Saturday, May 27, 2017

Time and the Shape of a Life


"How many sessions do we have left?" a woman asks. She's a participant in the life writing workshop I'm teaching. I've asked the group to choose a partner to go through the process of interviewing each other on a topic. A bonding experience as much as the chance to be a storyteller and an active listener. When offered a few choices, they opted to tell stories of travel.

"Nine," says the senior center director. "There are nine sessions left."

The same woman with the question about sessions pulled me aside our first meeting to correct something she said when we wrote a group poem. "I meant lithography when I said etching. You can change it if you want." The detail mattered to her and it had to be right for the record. After the interviewing she told a long story of all her travels that circled around into telling about her children. She felt squeezed for time.

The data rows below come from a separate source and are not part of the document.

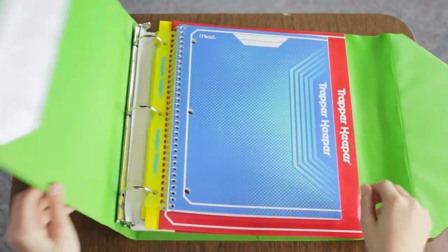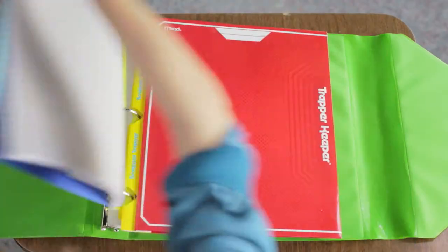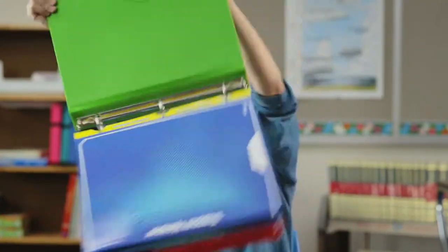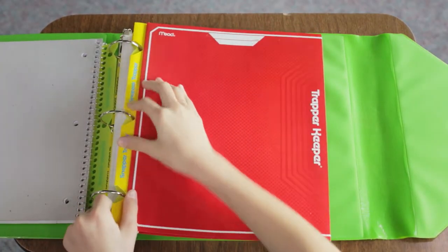Oh snap! Trapper Keeper's back. Plus the new Snapper Trapper easily snaps in and out of three ring binders for quick and easy organization. It's so strong that you can trap almost anything in your Trapper Keeper.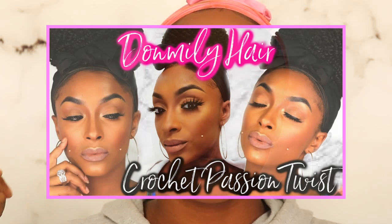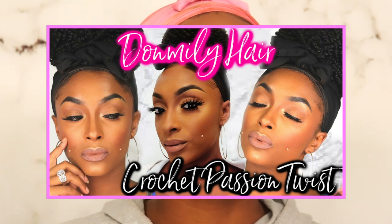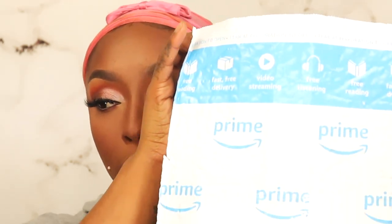Welcome or welcome back to my channel. It is your favorite girl, Aemarie. Today we are back with a week review. I haven't did a week review in a long time. I know you guys probably already seen that hair review that I did with Don Millie hair and we had a whole spiel about that. Hopefully you guys enjoyed that video, but today we are here with some more Amazon wig review.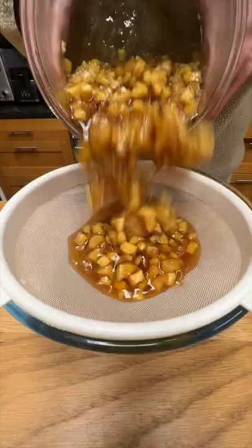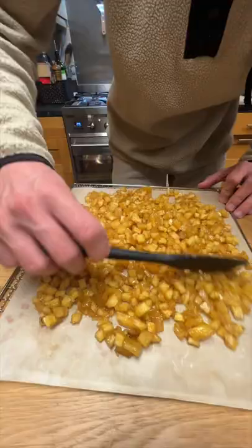I'll pour everything into a sieve, then firmly press down to push all the liquid out. With the solids, I'll actually set those out in a dehydrator pan to dry out.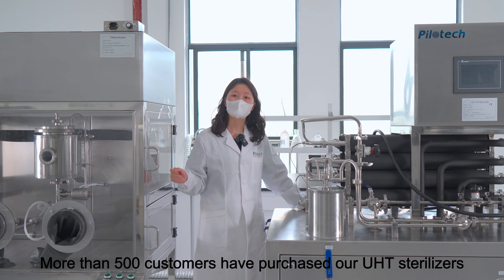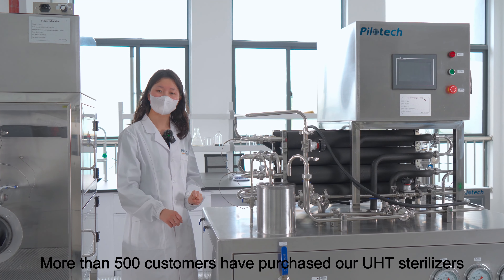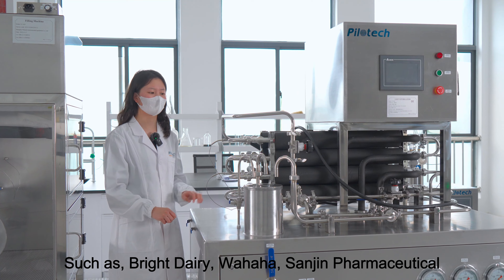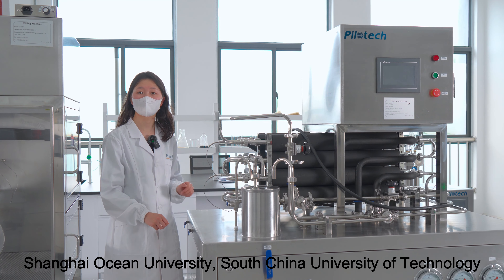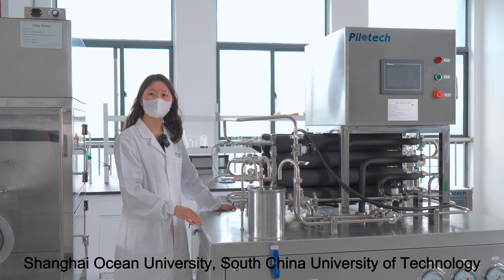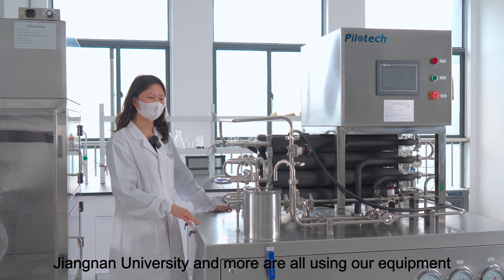More than 500 customers have purchased our UHT sterilizers, such as Bright Dairy, Wahaha, Sanjing Pharmaceuticals, Shanghai Ocean University, Zhejiang University, Jiangnan University, and more — all using our equipment.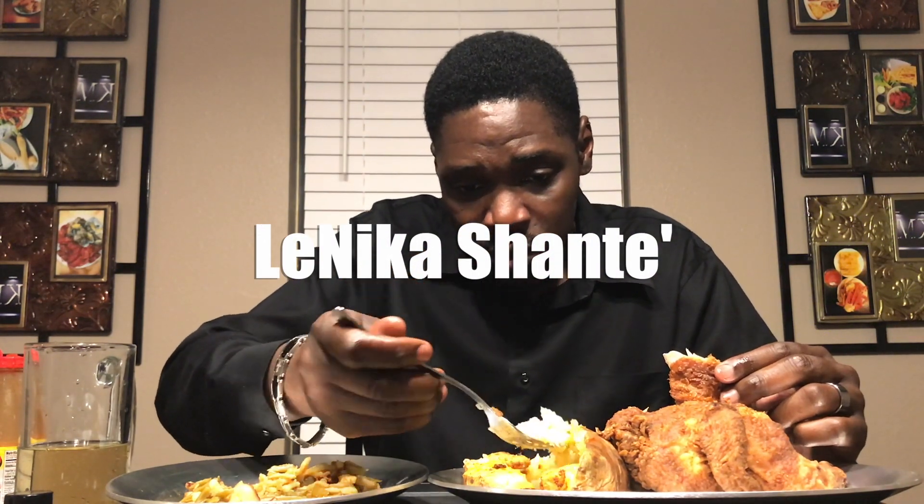Today I was just reading comments, laying chilling and answering comments. Walked the dog. I talked to my family in Louisiana — me and Nika. Nika is my cousin, Nika Shante, she has a channel too, and we're like best friends. We talk every single day all day long.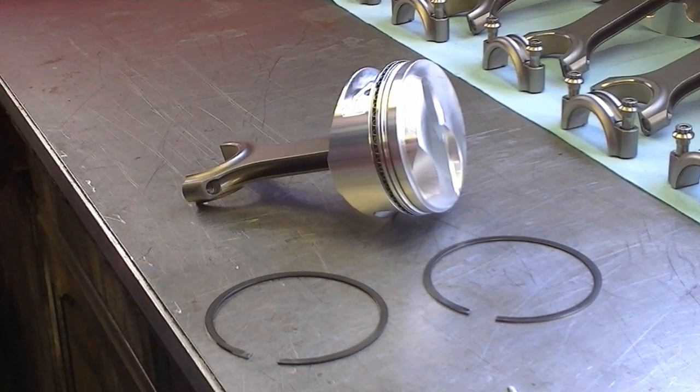Welcome to Mr. Hall's How-To Series. Today I'm going to show you how to install piston rings.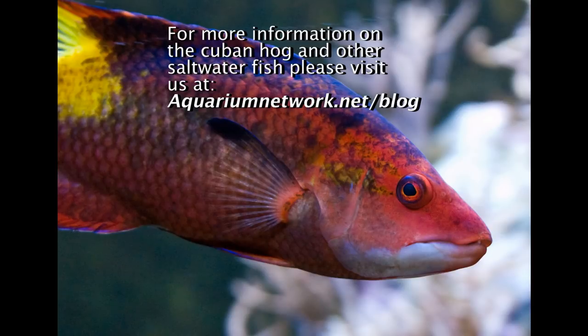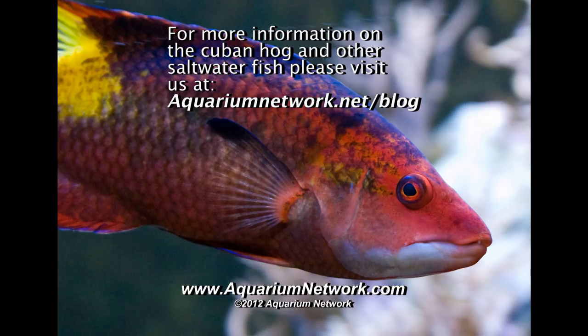For more information on the Cuban hog and other saltwater fish, please visit our blog at aquariumnetwork.net.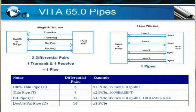The first term I'll be discussing is pipes. A pipe is a name for a high-speed serial bus that doesn't have any type of protocol associated with it. For example, in the picture on the left, where it says single PCI-E lane, a PCI-E lane is composed of two differential pairs — one transmit and one receive. In Vita 65 terms, that is a single pipe. So one transmit and one receive differential pair equals one pipe. On the picture on the right, you have a PCI-E four-lane example implementation. In that case, you're going to have a total of four pipes, which is four lanes, or eight differential pairs.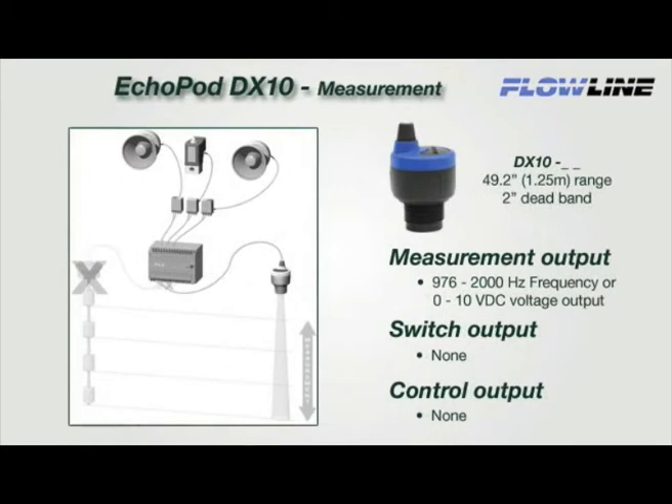The DX10 is a single-function sensor that provides continuous level measurement with a selectable 0 to 10 volt DC or 976 to 2,000 hertz frequency signal output. Select the voltage output to replace 0 to 10 VDC contact measurement sensors — the sensor can be installed without any changes to control hardware or software. Ideal applications utilizing the frequency output lower cost by eliminating the A-to-D card or reducing the number of discrete inputs to 1.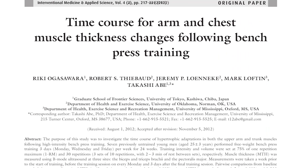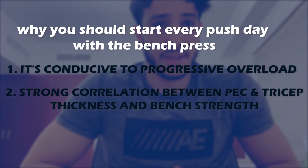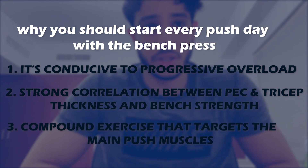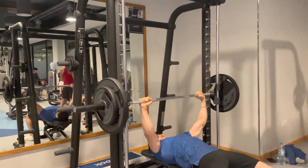The bench press is proven to be correlated with pec thickness and tricep thickness, supported by research by Ogasawara et al. As you can see, there's an upward trend between increased bench press performance and thickness in both the tricep and the chest. It's a great main compound exercise to start your push workout, training the triceps, chest, and shoulders.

There is never enough time to tell your story. And how can you even see the shape of your story when you are in the middle of it, living?

On my computer is a file I ran across while I was preparing for this residency at the senior center. It's titled "95 Year Plan." I don't remember making it. It's a grid with the left hand vertical column showing my age in five year increments.  I went up to 95, a hopeful thinker, or maybe it was part of the instructions to do so. This must have been a writing exercise from a book I was reading or a workshop I took.

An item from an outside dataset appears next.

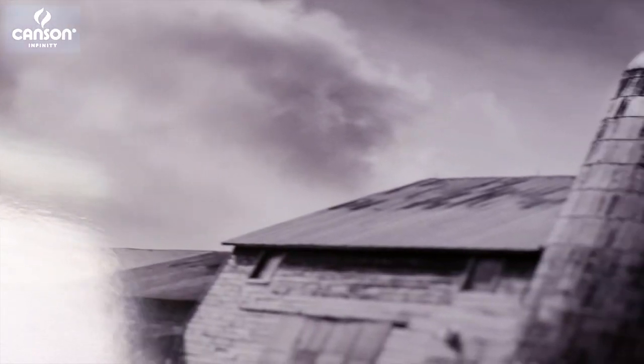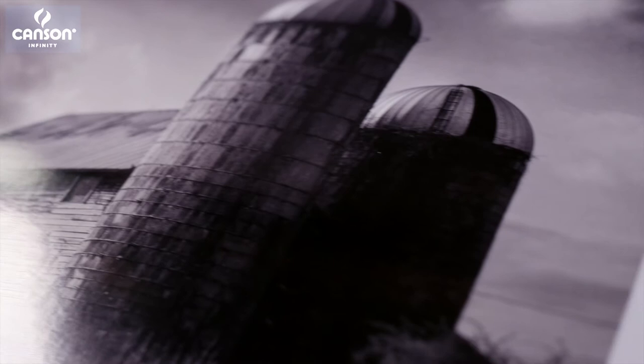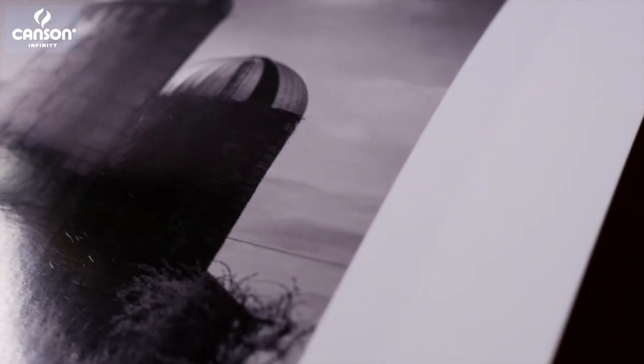It's available in a 270 gram weight and it has tremendous D-max, or black density. That's a measurement of how much black a paper can hold, and the higher the D-max, the more contrast and dynamic range you get with a gloss surface.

There are three other columns to the right of the age column which read: "Major Event," "What I Learned" and "The Most Amazing Thing I Saw."  I never finished it. I filled out the "Major Event" column up to age 55 and I gave up. I stopped recording "What I Learned" at age 20 when the "Major Event" was "got first real job as a typesetter" and the "What I Learned" was that "most real jobs suck." When I was 15 I learned that I was able to succeed at something I didn't necessarily want to do for the rest of my life.

I can see why I never finished this project. Filling the entire grid out is tempting fate, and reminds me of keeping a ten year plan for my life with clear, achievable goals. I've never operated that way. I like leaving places blank to allow for  the "Not Quite What I Was Planning" column and the "Spontaneous Magic" column and the "Mentor From an Unexpected Place Arrives and Kicks Your Ass" column. Actually, I can't even conceive of my life in a grid or with columns. It isn't a line. It's not a circle, because it will end someday, and I will feel like it's unfinished. I am unsure as to what shape it is at all, or even if it has a shape.

The attempt to record the details of one day, which I do each morning when I journal, can feel like riding the edge of some protoplasmic creature. I catch only moments as the rest of the day slips into another current and I am forced to let go. I always close the journal with a little sense of loss. I'm adding, but I'm losing too. Writing a life can feel deleterious.

How many sessions do we have left? Who knows. You won't catch it all. Create anyway.